*WHAT YOU HAVE TO DO*. Which lines run from the line with "diRoma Fiori 89 com roupa de cama e banho." through the line with "3263 Vineyard Ave. Property Photo 33" in the entries below? Print them exactly, both ends included, and nothing more.

Crawled caption data:
========

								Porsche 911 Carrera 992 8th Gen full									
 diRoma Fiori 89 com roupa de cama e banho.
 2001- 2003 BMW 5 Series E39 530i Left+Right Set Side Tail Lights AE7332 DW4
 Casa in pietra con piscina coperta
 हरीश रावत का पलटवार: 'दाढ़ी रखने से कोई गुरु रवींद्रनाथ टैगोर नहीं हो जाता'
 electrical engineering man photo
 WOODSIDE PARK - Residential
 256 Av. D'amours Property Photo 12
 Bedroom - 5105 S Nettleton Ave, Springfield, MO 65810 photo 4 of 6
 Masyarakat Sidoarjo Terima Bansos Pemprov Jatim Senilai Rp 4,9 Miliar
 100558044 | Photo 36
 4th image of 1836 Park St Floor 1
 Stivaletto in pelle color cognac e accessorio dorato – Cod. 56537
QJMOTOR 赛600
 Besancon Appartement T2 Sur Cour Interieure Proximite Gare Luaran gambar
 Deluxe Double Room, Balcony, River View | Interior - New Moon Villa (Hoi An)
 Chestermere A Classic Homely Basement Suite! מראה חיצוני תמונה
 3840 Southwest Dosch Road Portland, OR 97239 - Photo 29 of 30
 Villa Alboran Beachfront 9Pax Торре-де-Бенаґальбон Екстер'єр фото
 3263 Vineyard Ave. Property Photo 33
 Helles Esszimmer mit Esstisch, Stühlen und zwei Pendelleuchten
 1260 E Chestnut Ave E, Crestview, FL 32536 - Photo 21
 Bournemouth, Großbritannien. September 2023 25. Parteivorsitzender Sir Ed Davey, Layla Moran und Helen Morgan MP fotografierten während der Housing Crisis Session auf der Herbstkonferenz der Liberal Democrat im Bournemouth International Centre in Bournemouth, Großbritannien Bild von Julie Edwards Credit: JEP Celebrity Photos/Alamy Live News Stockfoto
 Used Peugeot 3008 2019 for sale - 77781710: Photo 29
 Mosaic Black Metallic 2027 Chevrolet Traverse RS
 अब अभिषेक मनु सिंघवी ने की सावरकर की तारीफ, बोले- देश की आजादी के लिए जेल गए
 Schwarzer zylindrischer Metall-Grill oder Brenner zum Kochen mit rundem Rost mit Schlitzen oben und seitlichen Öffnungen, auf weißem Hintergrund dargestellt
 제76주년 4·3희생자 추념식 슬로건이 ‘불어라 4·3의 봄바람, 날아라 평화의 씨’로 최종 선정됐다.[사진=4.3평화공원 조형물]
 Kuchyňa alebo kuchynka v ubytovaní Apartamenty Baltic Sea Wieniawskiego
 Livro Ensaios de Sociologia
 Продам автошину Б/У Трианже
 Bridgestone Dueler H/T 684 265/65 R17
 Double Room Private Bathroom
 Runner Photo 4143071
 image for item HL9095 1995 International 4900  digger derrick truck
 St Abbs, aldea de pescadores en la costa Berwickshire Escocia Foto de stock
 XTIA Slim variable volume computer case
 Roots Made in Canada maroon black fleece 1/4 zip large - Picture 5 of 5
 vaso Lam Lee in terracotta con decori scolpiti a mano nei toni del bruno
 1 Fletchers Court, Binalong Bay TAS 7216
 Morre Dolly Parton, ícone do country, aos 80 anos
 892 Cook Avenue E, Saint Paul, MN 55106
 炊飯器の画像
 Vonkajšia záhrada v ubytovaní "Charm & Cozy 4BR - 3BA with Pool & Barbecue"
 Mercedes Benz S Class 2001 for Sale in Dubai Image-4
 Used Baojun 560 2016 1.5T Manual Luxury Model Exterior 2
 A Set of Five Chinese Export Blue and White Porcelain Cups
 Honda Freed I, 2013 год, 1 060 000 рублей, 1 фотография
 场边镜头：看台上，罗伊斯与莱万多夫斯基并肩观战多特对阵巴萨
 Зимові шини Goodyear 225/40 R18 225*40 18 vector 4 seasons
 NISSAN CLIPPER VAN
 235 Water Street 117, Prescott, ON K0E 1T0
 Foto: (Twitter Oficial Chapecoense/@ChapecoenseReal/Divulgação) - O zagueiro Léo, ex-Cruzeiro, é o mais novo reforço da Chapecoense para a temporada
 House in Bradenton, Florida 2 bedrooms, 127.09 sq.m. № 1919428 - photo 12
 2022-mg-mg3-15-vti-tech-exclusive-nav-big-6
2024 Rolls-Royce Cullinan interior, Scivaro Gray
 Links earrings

========

*FINISHED EXERCISE*.
 diRoma Fiori 89 com roupa de cama e banho.
 2001- 2003 BMW 5 Series E39 530i Left+Right Set Side Tail Lights AE7332 DW4
 Casa in pietra con piscina coperta
 हरीश रावत का पलटवार: 'दाढ़ी रखने से कोई गुरु रवींद्रनाथ टैगोर नहीं हो जाता'
 electrical engineering man photo
 WOODSIDE PARK - Residential
 256 Av. D'amours Property Photo 12
 Bedroom - 5105 S Nettleton Ave, Springfield, MO 65810 photo 4 of 6
 Masyarakat Sidoarjo Terima Bansos Pemprov Jatim Senilai Rp 4,9 Miliar
 100558044 | Photo 36
 4th image of 1836 Park St Floor 1
 Stivaletto in pelle color cognac e accessorio dorato – Cod. 56537
QJMOTOR 赛600
 Besancon Appartement T2 Sur Cour Interieure Proximite Gare Luaran gambar
 Deluxe Double Room, Balcony, River View | Interior - New Moon Villa (Hoi An)
 Chestermere A Classic Homely Basement Suite! מראה חיצוני תמונה
 3840 Southwest Dosch Road Portland, OR 97239 - Photo 29 of 30
 Villa Alboran Beachfront 9Pax Торре-де-Бенаґальбон Екстер'єр фото
 3263 Vineyard Ave. Property Photo 33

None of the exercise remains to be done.